## Consider the dataset ape::carnivora.
library(ape)
data(carnivora)
library(tidyverse)
## From the variable BW, remove out any observations smaller than
## 0.01.
carn <- carnivora %>% filter(BW > 0.01)
## Fit multiple linear regression, predicting BW with GL and
## SuperFamily.
fit <- lm(BW ~ SuperFamily + GL, data=carn)
summary(fit)
## Write the fitted regression equation.
## hat{BW} = -341.82 + 15.29*Feliformia + 8.58*GL
## Translate an intercept in context.
When a member of Caniformia has a gestation length of zero days, average
birth weight is -341.8. This obviously doesnt make sense.
## Translate the slope in context.
For every one day increase in gestation length, average birth weight
increases by 8.58 grams for members of the order Carnivora.
## What value of the response does the above model predict for a
## member of the super family Feliformia that has a gestation length
## of 59?
predict(fit, newdata=carnivora[82,])
## Calculate the residual for a member of Feliformia that has a
## gestation length of 59 and weights 20 grams at birth.
residuals(fit)[42]
## Calculate the fitted values and (standardized, if using lm()) residuals
yhat <- fitted(fit)
r <- rstandard(fit)
## With plots, check the assumptions on multiple linear regression.
qplot(yhat, r)
qplot(r, geom="histogram", binwidth=1/3)
## Fit multiple linear regression, predicting log(BW) with log(GL) and SuperFamily.
fitl <- lm(log(BW) ~ SuperFamily + log(GL), data=carn)
summary(fitl)
## Write the fitted regression equation.
hat{log{BW}} = -6.32 + -0.02*Feliformia + 2.64*\log{GL}
## Translate an intercept in context.
When a member of Feliforma has a log gestation length of 0 (gestiation
length is equal to 1), then average log of birth weight is -6.32 + -0.02.
## Translate the slope in context.
For every one unit increase in log(gestation length), average
log(birth weight) increases by 2.64.
or
For every one percent increase in gestation length, birth weight
increases by 2.64 percent.
## What value of the response does the above model predict for a
## member of the super family Feliformia that has a gestation length
## of 59?
predict(fitl, newdata=carnivora[82,])
## Calculate the residual for a member of Feliformia that has a
## gestation length of 59 and weights 20 grams at birth.
residuals(fitl)[42]
## Calculate the fitted values and (standardized, if using lm()) residuals
yhat <- fitted(fit)
r <- rstandard(fit)
## With plots, check the assumptions on multiple linear regression.
qplot(yhat, r)
qplot(r, geom="histogram", binwidth=1/3)
## Compare your two fitted models -- adjusted R^2, assumptions,
## prediction accuracy, ... Note which assumptions seem more
## important and why.

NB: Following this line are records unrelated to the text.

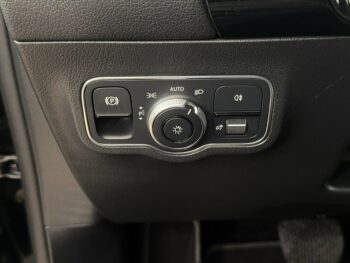 Mercedes GLA 200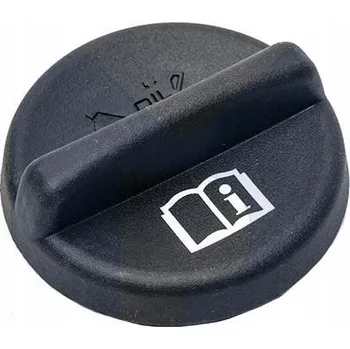 Spojka 82U0006-OYO/OYO ZÁTKA NÁDRŽE OLEJE CHEVROLET OYODO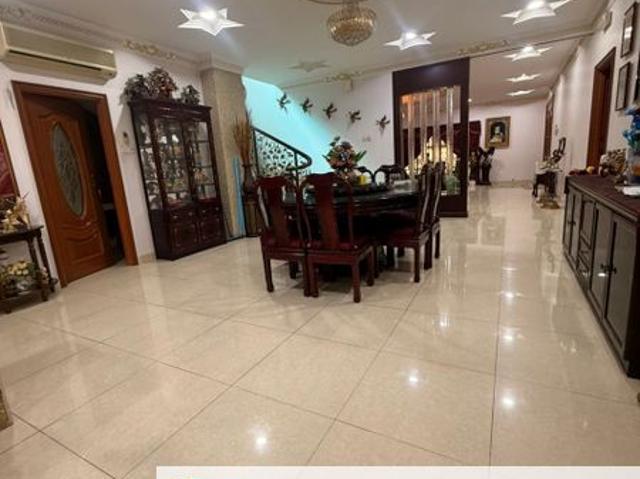 Bandar Country Homes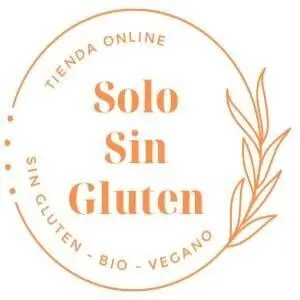 SOLO SIN GLUTEN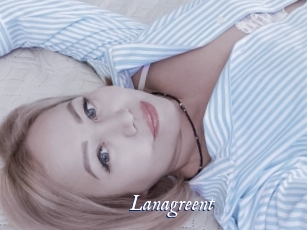 Lanagreent
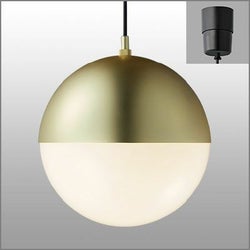 ゴールド マックスレイ製ペンダントライト MP40605-38-01 MX-0060E-GD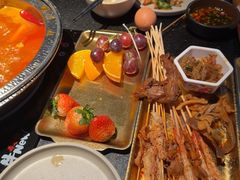 -牛New寿喜烧(闵行龙湖天街店)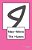 Paleo-Hebrew: The Names-.. - Imagem 1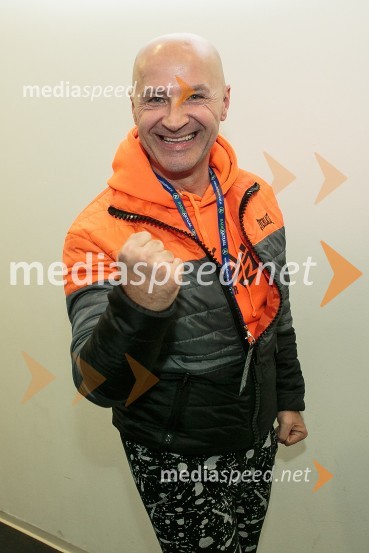  Miran Rudan, pevecAktualov dan žena 2016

Is there any grand theorem we have that allows
## us to tolerate irregularities in a particular assumption?
Adjusted R^2 increases by about 11 percent with the transformed linear
model. The assumptions of linearity and constant variation seem much
better in the transformed model. These assumptions are more important
to use, since the Central Limit Theorem will help ensure normality
even if the residuals look a touch worse in the log-transformed model.